[[ Data under study open ]]

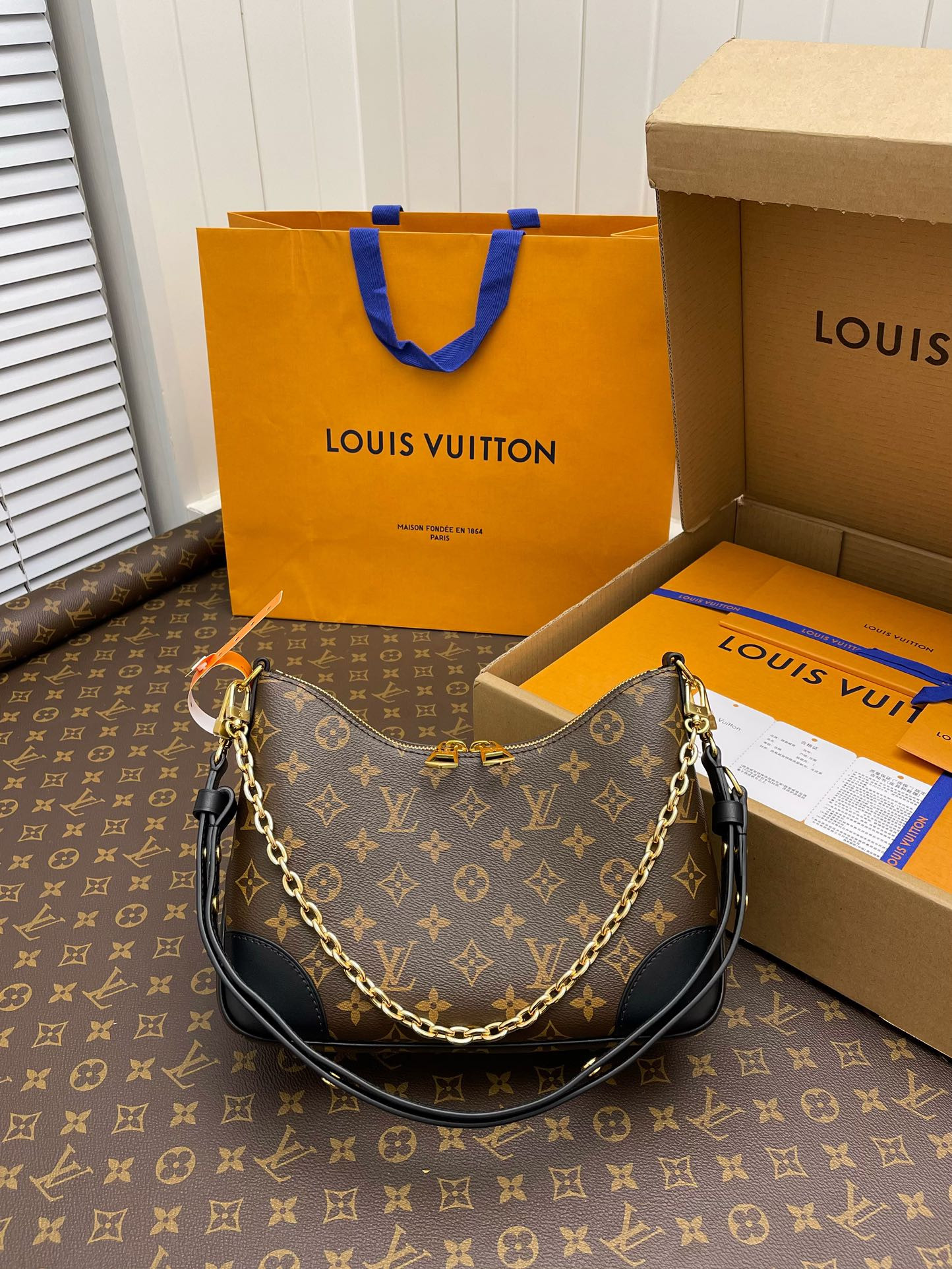 l0*is V*t0n boulogne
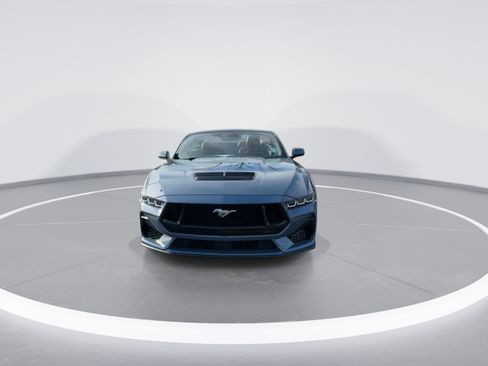 Used 2025 Ford Mustang GT Premium image 3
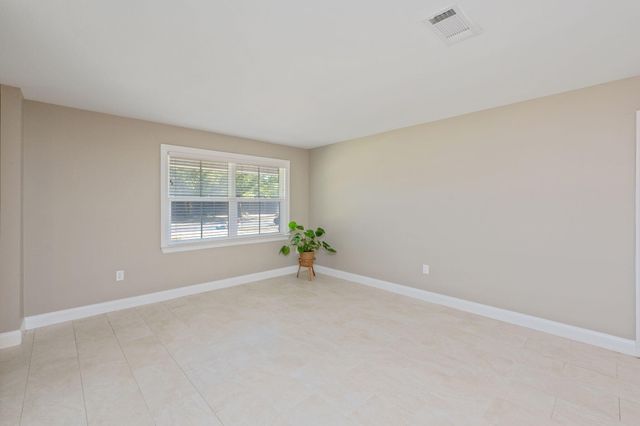 112 NE Walton Drive, Fort Walton Beach, FL 32548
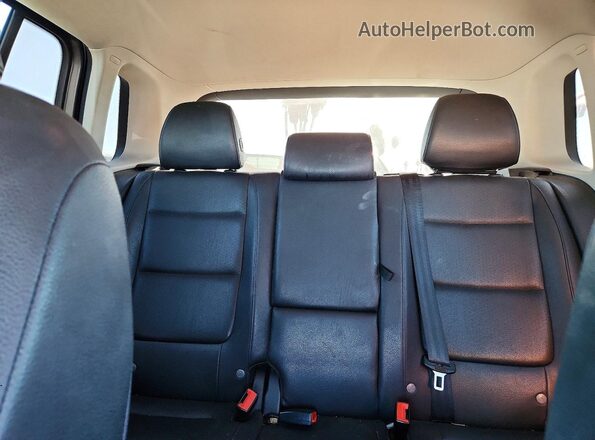 WVGAV7AX1HK039220 2017 VOLKSWAGEN TIGUAN Gray Widok tylnych siedzeń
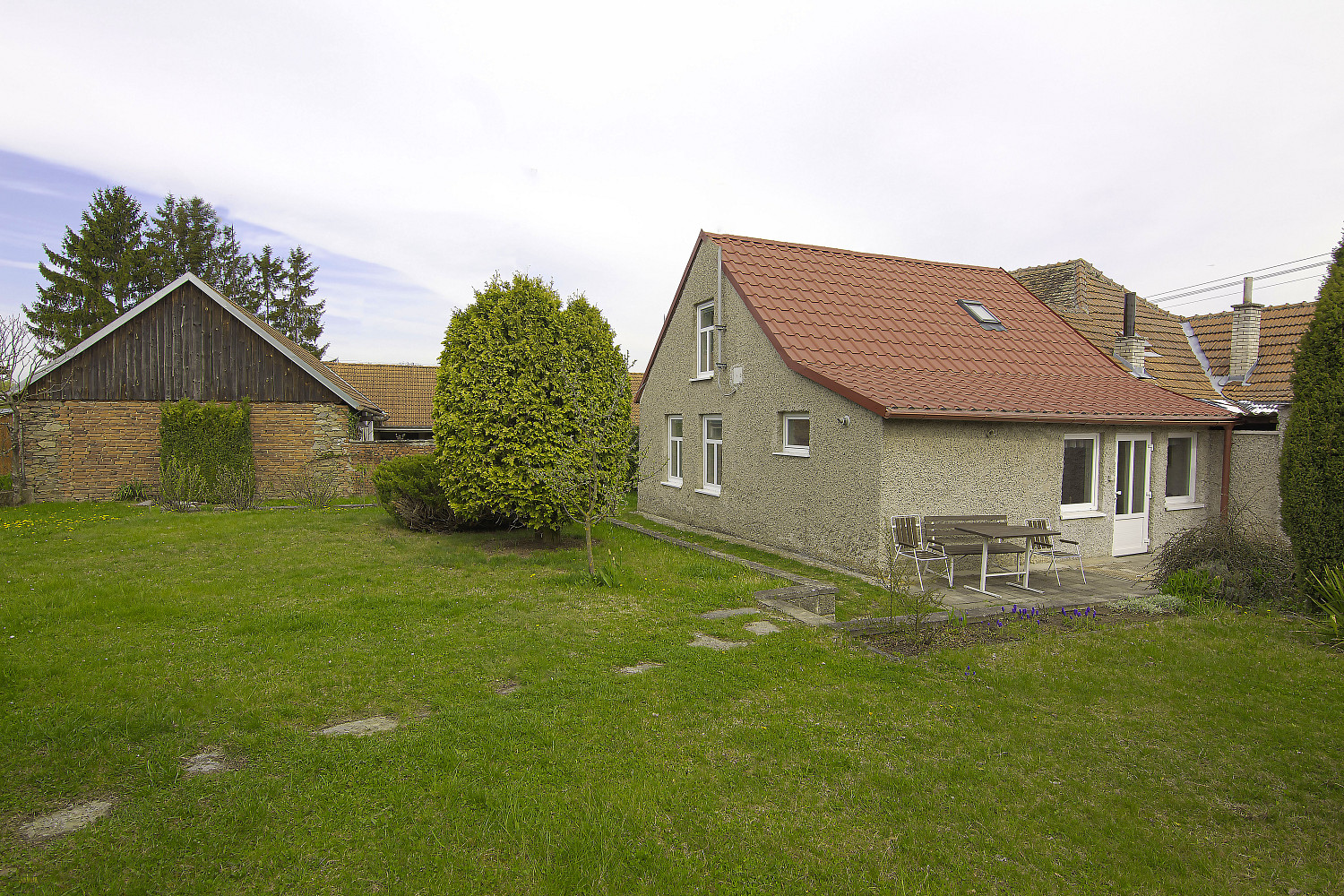 Pronájem domu 80 m² s pozemkem 538 m² – fotografie 3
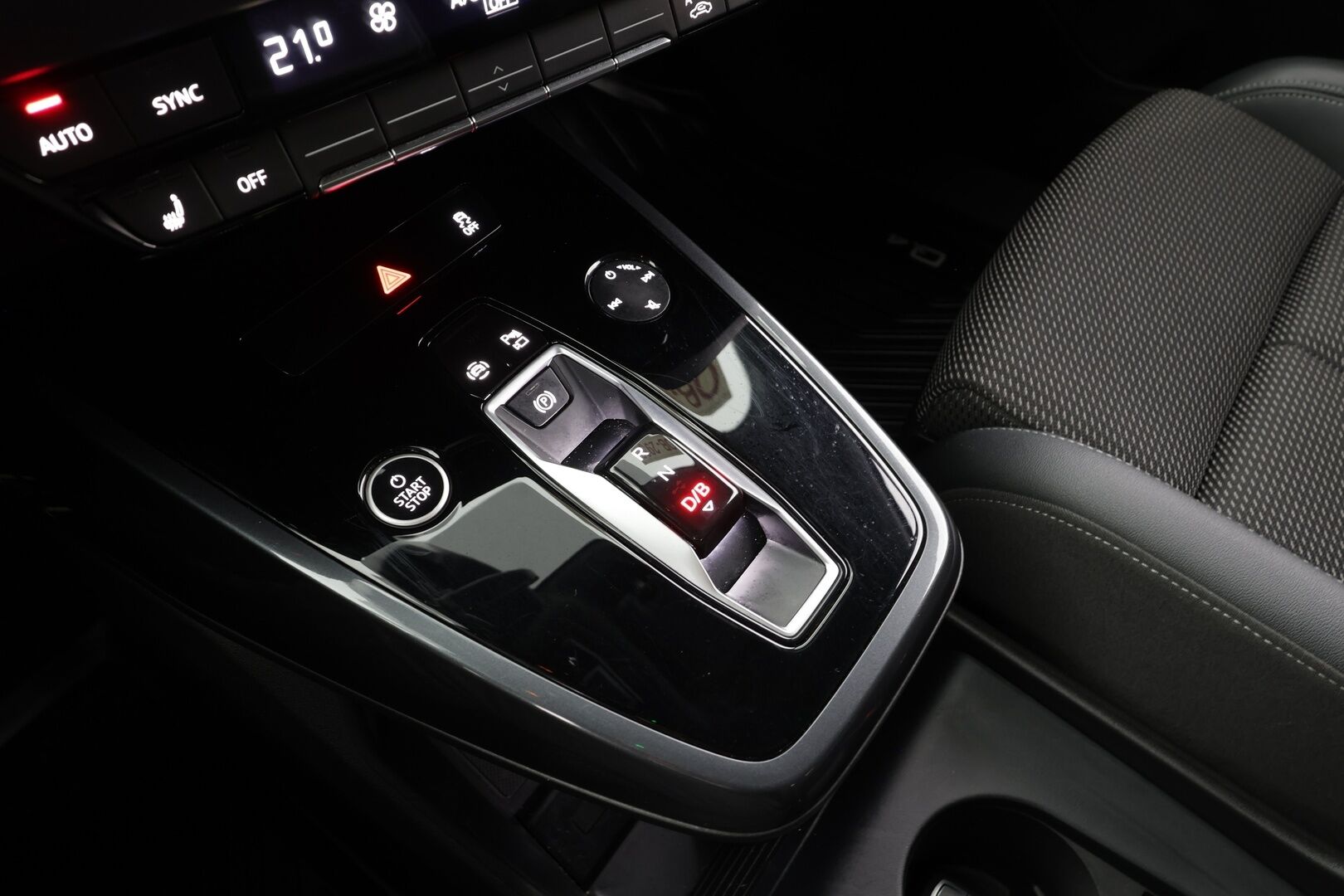 AUDI Q4 E-TRON 2023 40 e-tron S line - ACC | ILP | Koukku | P.Kamera | Sporttipenkit | Apple&Android | SoH 94.5 % | Merkkihuollettu | Kahdet OEM vanteet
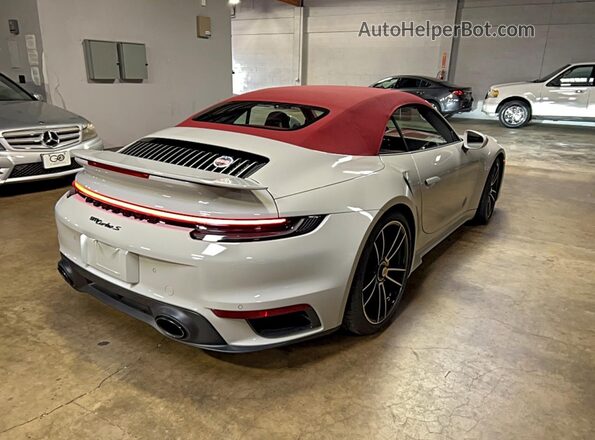 WP0CD2A97MS263736 2021 PORSCHE 911 Двухцветный Передняя правая четверть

[[ Data under study closed ]]

What you are asked to do -> Write the lines out again exactly, beginning at the one containing "Pronájem domu 80" and ending with the last line of the entries, but without any pictures.

Exercise answer ->
 Pronájem domu 80 m² s pozemkem 538 m² – fotografie 3
 AUDI Q4 E-TRON 2023 40 e-tron S line - ACC | ILP | Koukku | P.Kamera | Sporttipenkit | Apple&Android | SoH 94.5 % | Merkkihuollettu | Kahdet OEM vanteet
 WP0CD2A97MS263736 2021 PORSCHE 911 Двухцветный Передняя правая четверть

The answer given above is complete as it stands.